Directions for this task:
Make a verbatim copy of the entries below; pictures stay out.

Supplied entries:
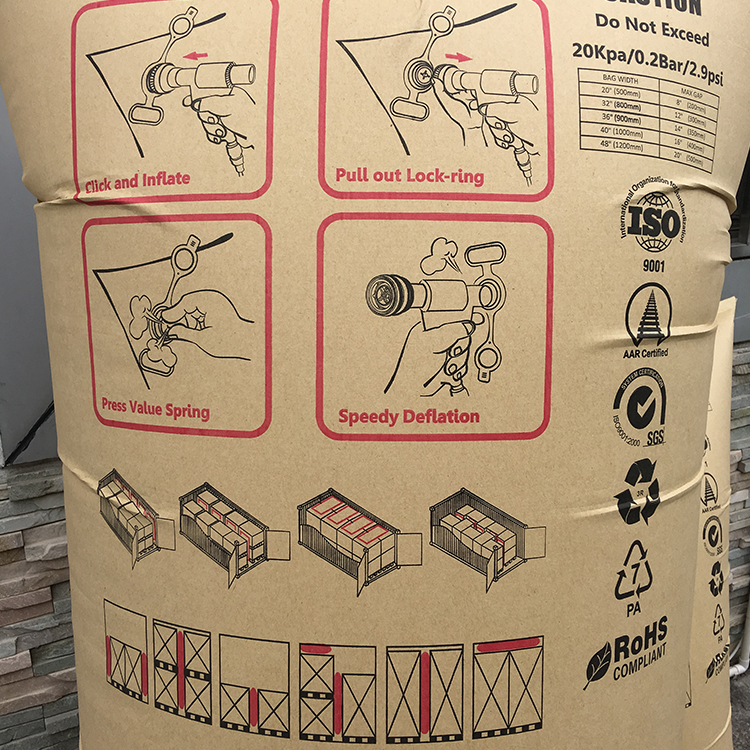 Custom Made Bags China Inflatable Packaging Air Bags Waterproof Paper Bag for Packing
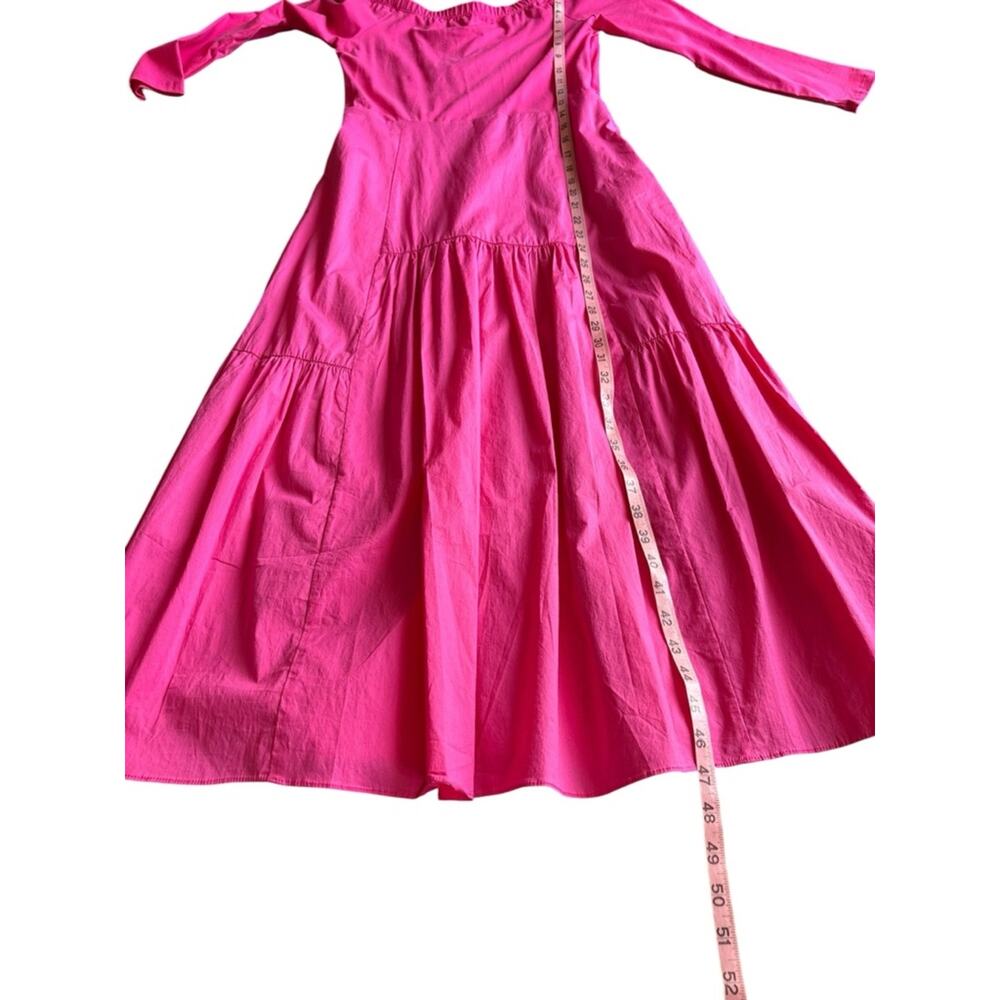 NWT Tuckernuck x Cameran Eubanks Marissa Dress Pink Midi Off Shoulder Pockets M - Picture 13 of 14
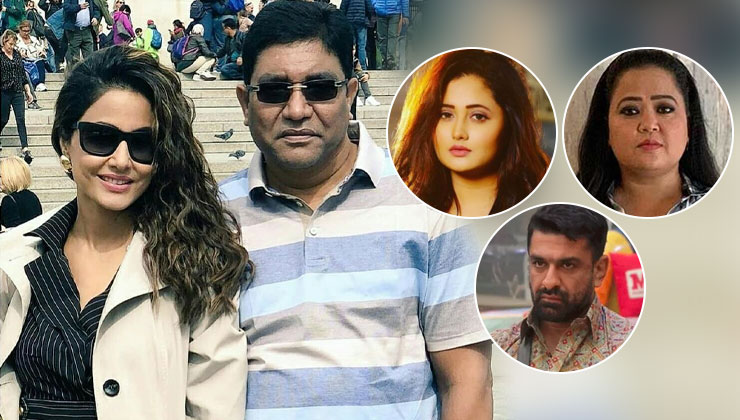 hina khan father death celebs mourn
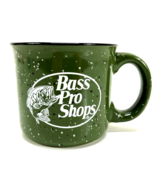 Bass Pro Shop Heavy Ceramic Coffee Mug Green Speckled Large 16 Ounce Cup - £11.72 GBP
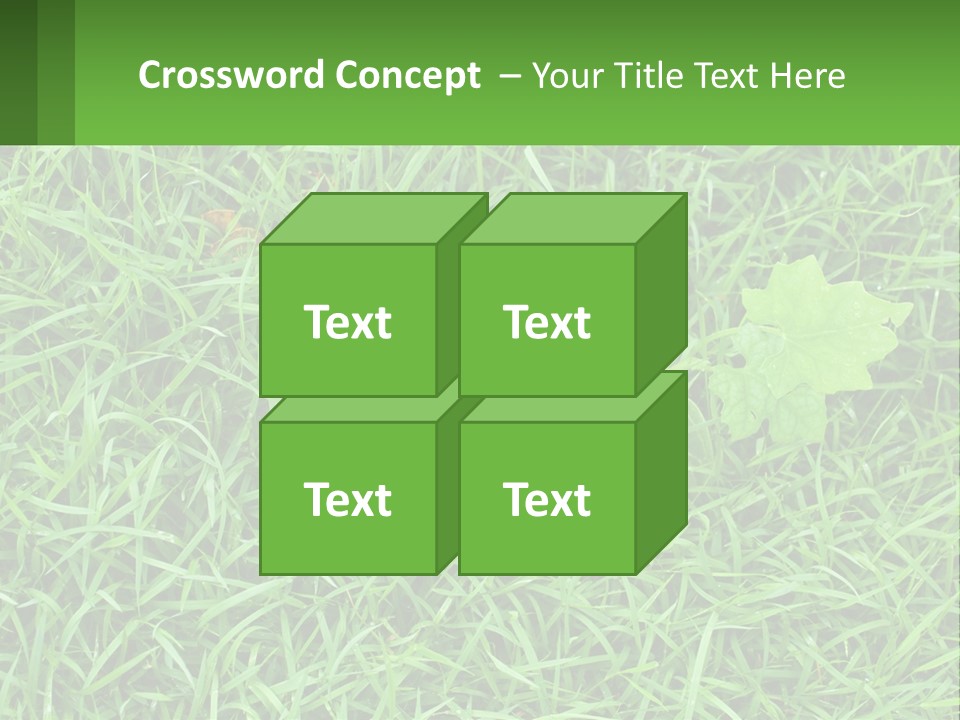 A Green Leafy Plant In The Middle Of Some Grass PowerPoint Template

Output for this task:
 Custom Made Bags China Inflatable Packaging Air Bags Waterproof Paper Bag for Packing
 NWT Tuckernuck x Cameran Eubanks Marissa Dress Pink Midi Off Shoulder Pockets M - Picture 13 of 14
 hina khan father death celebs mourn
 Bass Pro Shop Heavy Ceramic Coffee Mug Green Speckled Large 16 Ounce Cup - £11.72 GBP
 A Green Leafy Plant In The Middle Of Some Grass PowerPoint Template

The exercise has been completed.